Code generation & review
Higher benchmark score (0/100) indicates stronger performance on coding tasks like generating functions, debugging, and refactoring
Customer support chatbot
Faster response time (speed score 0/100) is critical for user-facing chat. Qwen3 4B (free) also offers lower per-token costs for high-volume support
Long document analysis
Larger context window (262K tokens) can process longer documents, contracts, and research papers in a single pass
Batch data extraction
Lower output pricing ($0.00/M) reduces costs when processing thousands of records daily
Creative writing & content
Higher overall composite score (63/100) correlates with better nuance, coherence, and style in long-form content
Devstral 2 2512 and Qwen3 4B (free) are extremely close in overall performance (only 0.10000000000000142 points apart). Your best choice depends entirely on which specific strengths matter most for your use case.
Best for Quality
Devstral 2 2512
Marginally better benchmark scores; both are excellent
Best for Cost
Qwen3 4B (free)
100% lower pricing; better value at scale
Best for Reliability
Devstral 2 2512
Higher uptime and faster response speeds
Best for Prototyping
Devstral 2 2512
Stronger community support and better developer experience
Best for Production
Devstral 2 2512
Wider enterprise adoption and proven at scale
by Mistral AI
| Capability | Devstral 2 2512 | Qwen3 4B (free) |
|---|---|---|
| Vision (Image Input) | ||
| Function Calling | ||
| Streaming | ||
| JSON Mode | ||
| Reasoningdiffers | ||
| Web Search | ||
| Image Output |
Mistral AI
Alibaba
Qwen3 4B (free) saves you $3.12/month
That's 100% cheaper than Devstral 2 2512 at 1,000 tokens/request and 100 requests/day.

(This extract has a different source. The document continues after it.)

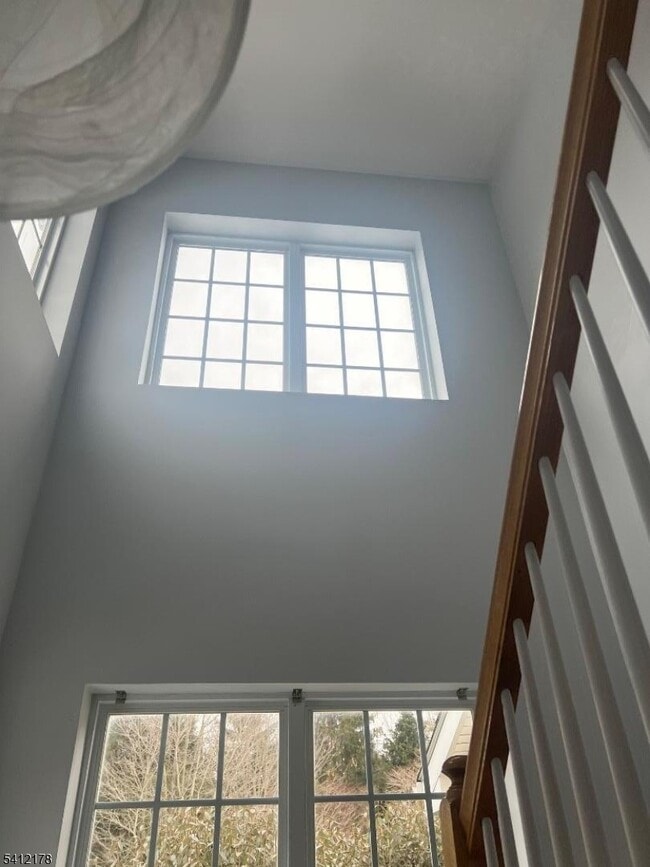 Building Photo - 263 Old Farm Dr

Assumes 60% input / 40% output token ratio per request. Actual costs may vary based on your usage pattern.
| Parameter | Devstral 2 2512 | Qwen3 4B (free) |
|---|---|---|
| Context Window | 262K | 41K |
| Max Output Tokens | -- | -- |
| Open Source | Yes | Yes |
| Created | Dec 9, 2025 | Apr 30, 2025 |
Devstral 2 2512 scores 63/100 (rank #175) compared to Qwen3 4B (free)'s 63/100 (rank #176), giving it a 0-point advantage. Devstral 2 2512 is the stronger overall choice, though Qwen3 4B (free) may excel in specific areas like cost efficiency.

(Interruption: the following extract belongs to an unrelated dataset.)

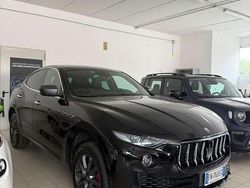Nero Usata 2017 Maserati Levante SUV | 30.900 € (Ottimo prezzo)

Devstral 2 2512 is ranked #175 and Qwen3 4B (free) is ranked #176 out of 290+ AI models. Rankings use a composite score combining benchmark performance (25%), pricing (25%), context window (15%), recency (15%), output capacity (10%), and versatility (10%). Scores update hourly.
Qwen3 4B (free) is cheaper at $0.00/M output tokens vs Devstral 2 2512's $2.00/M output tokens — 2000.0x more expensive. Input token pricing: Devstral 2 2512 at $0.40/M vs Qwen3 4B (free) at $0.00/M.
Devstral 2 2512 has a larger context window of 262,144 tokens compared to Qwen3 4B (free)'s 40,960 tokens. A larger context window means the model can process longer documents and conversations.